Memoir – Trains to Wimbledon

Mum wrote a memoir while convalescing in a nursing home in the early 1990s. She had begun this on small pieces of paper, and I took in a school exercise book, into which (to my surprise) she began to write in earnest. Although she had intended to write a memoir from 1925 to 1950, her memoir actually ends in 1941, when she left school. The first part covers early holidays to Wimbledon, and very early memories of travelling by train. .  

When I was very young, I used to listen to my mother and father say, ‘It wasn’t like that in our day”. I used to think would I say that when I was their age? Surely things won’t change so radically. But they did and now to keep youthful memories alive I felt it would be nice to get a few of them down for posterity.

In later life I have spent quite a good many days a year, travelling from Liverpool Lime Street on the train to London, the journey taking just under 3 hours on a good day and considerably longer on a bad one. Also, one of my lasting memories as a child was travelling by train to Seacombe Ferry – possibly round about the age of three – and then boarding the boat to Liverpool where the whole family – my sister Sheila, myself and my mother and father – took another train to Lime Street station where we boarded the steam train to travel to Euston Station, London. The luggage had been sent well in advance by rail and so all we had to do was get ourselves to my Aunty Mary and Uncle Len’s who resided at 56, Worple Road, Wimbledon. The whole journey to Euston took about four and a half hours and we then took the District Line to Wimbledon Station, where Uncle Len would meet us in his 1920’s open tourer. The whole journey was most exciting. The train to London only stopped at Crewe, Stafford and Rugby before terminating at Euston. Oh what a wonderful sound the train made as it clickety-clacked along the rails! 

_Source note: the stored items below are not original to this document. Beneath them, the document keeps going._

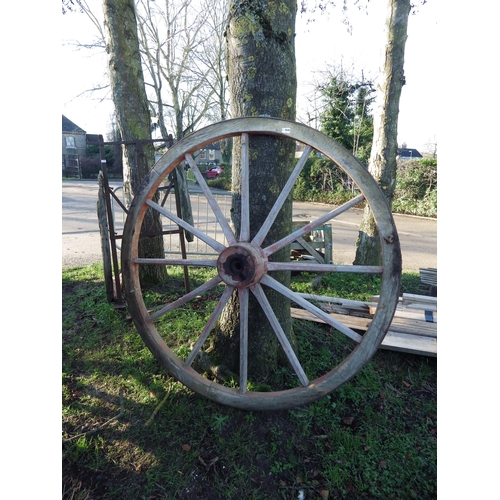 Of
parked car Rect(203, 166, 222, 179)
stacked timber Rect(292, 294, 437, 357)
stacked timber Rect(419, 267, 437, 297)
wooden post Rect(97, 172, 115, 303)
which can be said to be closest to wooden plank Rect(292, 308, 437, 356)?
stacked timber Rect(292, 294, 437, 357)

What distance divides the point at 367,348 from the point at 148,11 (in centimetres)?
1538

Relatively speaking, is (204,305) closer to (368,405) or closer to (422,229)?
(368,405)

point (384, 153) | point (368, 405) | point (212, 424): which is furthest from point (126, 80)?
point (368, 405)

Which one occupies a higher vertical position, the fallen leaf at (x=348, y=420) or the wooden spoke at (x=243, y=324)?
the wooden spoke at (x=243, y=324)

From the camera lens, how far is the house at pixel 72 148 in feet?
84.6

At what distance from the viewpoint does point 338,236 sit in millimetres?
9117

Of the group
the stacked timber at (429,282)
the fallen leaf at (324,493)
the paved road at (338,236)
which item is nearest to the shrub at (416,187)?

As it steamed into the stations mentioned above, there was always a lady in full uniform on the platform – white mob cap and white pinafore to protect her clothes, dishing out steaming cups of tea in thick white cups and saucers. The passengers got out to avail themselves of the much needed refreshments and and they carried the tea back on the train leaving the cups under the seats to be picked up later. One time, my father had to run down the platform – tea in hand – and jump on the train when it was going. My sister, my mother and myself were screaming with fright, but he made it, much to our relief. The stations teemed with porters for sixpence they would carry your bags and, if need be, put them up on the luggage rack ready for other porters to take them down again when one’s destination had been reached.

On the whole, life went at a much slower pace than it does today and I can’t remember any mad rush to get on the District Line when we arrived in Euston. I do remember however, ….at the barrier so that my mother would not have to pay the fare – under threes got it for nothing.

Mum quite often told the story of travelling to London, and she often said in the 1960s that she had been on a journey on a train to London that had stopped at every station en route. I have no way of knowing whether this was true, but it was not on this journey in the late 1920s. All this ended in 1932 when Aunty Mary moved to Wallasey. 56 Worple Road still exists as an address, but with a modern block of flats called Ash Court on its site.